I've heard these sorts of discussions for a long time, for as long as I've been playing D&D (which has been over 30 years as I think about it, man I'm feeling old).
Here's the thing: whether it's hit point, armor class, racial class or level restrictions, the magic system, the saving throw system, healing or whatnot, all of these discussions come back to the same point.
D&D is, first and foremost, a game. It's a game with certain assumptions about what's useful, effective, balanced, too powerful and so forth. Over the years, a lot of those assumptions have changed, and 4E is just the latest generation of those ideas, from a new set of designers.
Why do hit points work the way they do? Heck if I know. I can come up with metagame/fluff reasons why they do, and if they work for me (and also for my players) then we're done. If not, we need to decide if this game is what we really want to be spending time with, or if there is another RPG that better fits our shared idea about what believable.
The discussions about daily powers make me think of an action movie and how the hero tends to use his one big power only that one time (remember Karate Kid?

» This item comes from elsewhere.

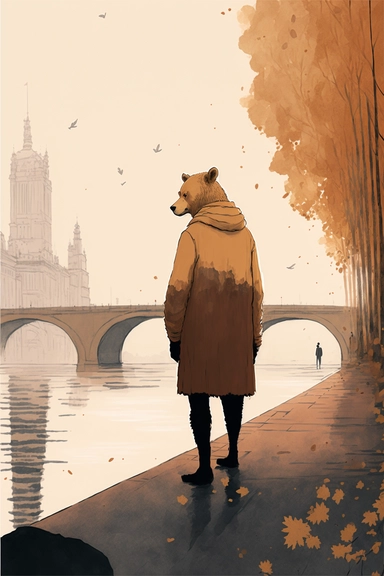 Berlin Bear, by xuan loc xuan, Tom Hammick, Anastasia Suvorova, Jon Klassen, greg tocchini, everyday life in autumn, warm, white and brown shades, tranquil, serene, limpid, vector, clipart, elaborate, ultra-detailed, best quality illustration, well composed, vibrant colors, high definition, 8k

He tries to use the Crane Kick in every movie after the first, and it never works!) and that description resonates and works for me.
I'm sure there are many other reasons that you can come up with for how the martial dailys work, but they're all ultimately fluff for the game balance rules that are inherent to this edition of the rules, just like "wizards can't wear armor or use a sword," was a part of editions past.
So ultimately saying "martial dailys don't make sense!" opens up a discussion where other posters attempt to give fluff based answers that can make that part of the rules click for different people. At a certain point, however, it's time to just call it a day and move to another game that you can be happy with.